Updated the tests according to the new behavior.

Change-Id: Ic542fb8e49e850052416ac663ee329ee3974e3b9
Reviewed-on: http://gerrit.cloudera.org:8080/9090
Reviewed-by: Alex Behm <alex.behm@cloudera.com>
Tested-by: Impala Public Jenkins <impala-public-jenkins@cloudera.com>
2018-04-11 02:21:48 +00:00
Thomas Tauber-Marshall
832974383c IMPALA-6445: Test for kudu master address with whitespace
A concern was brought up that Impala might not handle kudu master
addresses containing whitespace correctly. Turns out that the Kudu
client takes care of stripping whitespace, so it works, but it would
be good to have a test to ensure it continues to work.

Change-Id: I1857b8dbcb5af66d69f7620368cd3b9b85ae7576
Reviewed-on: http://gerrit.cloudera.org:8080/9876
Reviewed-by: Alex Behm <alex.behm@cloudera.com>
Tested-by: Impala Public Jenkins
2018-04-02 20:29:51 +00:00
Grant Henke
0c8eba076c IMPALA-5752: Add support for DECIMAL on Kudu tables
Adds support for the Kudu DECIMAL type introduced in Kudu 1.7.0.

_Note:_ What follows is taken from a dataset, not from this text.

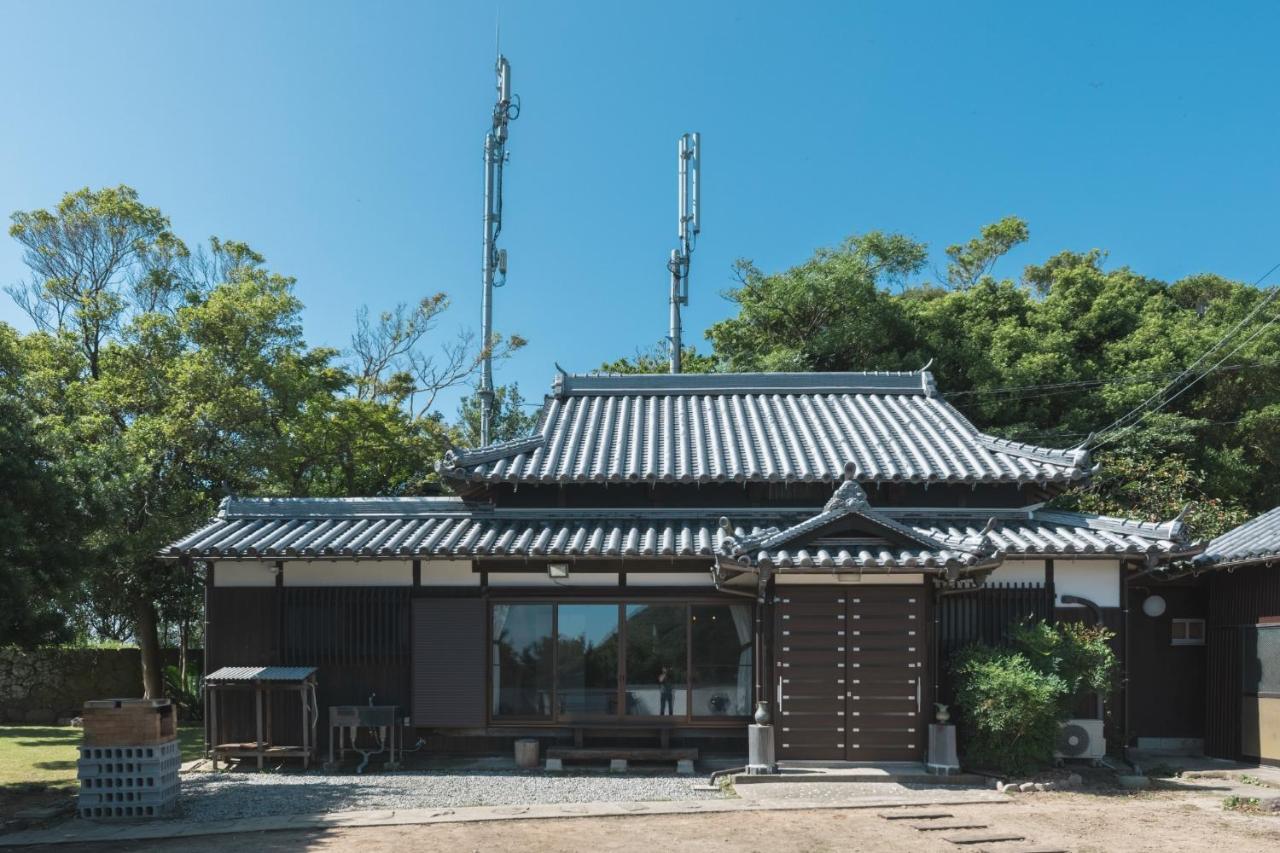 Sameya - Vacation Stay 80909V Sumoto Luaran gambar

Note: Adding support for Kudu decimal min/max filters is
tracked in IMPALA-6533.

Tests:
* Added Kudu create with decimal test to AnalyzeDDLTest.java
* Added Kudu table_format to test_decimal_queries.py
** Both decimal.test and decimal-exprs.test workloads
* Added decimal queries to the following Kudu workloads:
** kudu_create.test
** kudu_delete.test
** kudu_insert.test
** kudu_update.test
** kudu_upsert.test

Change-Id: I3a9fe5acadc53ec198585d765a8cfb0abe56e199
Reviewed-on: http://gerrit.cloudera.org:8080/9368
Reviewed-by: Dimitris Tsirogiannis <dtsirogiannis@cloudera.com>
Tested-by: Impala Public Jenkins
2018-02-23 00:03:54 +00:00
Thomas Tauber-Marshall
b881fba763 IMPALA-5546: Allow creating unpartitioned Kudu tables
This patch makes it possible to create unpartitioned, managed Kudu
tables from Impala, by making the 'PARTITION BY' clause of 'CREATE
TABLE... STORED AS KUDU' optional:

CREATE TABLE [IF NOT EXISTS] [db_name.]table_name
  (col_name data_type
    [kudu_column_attribute ...]
    [COMMENT 'col_comment']
    [, ...]
    [PRIMARY KEY (col_name[, ...])]
  )
  [PARTITION BY kudu_partition_clause]
  [COMMENT 'table_comment']
  STORED AS KUDU
  [TBLPROPERTIES ('key1'='value1', 'key2'='value2', ...)]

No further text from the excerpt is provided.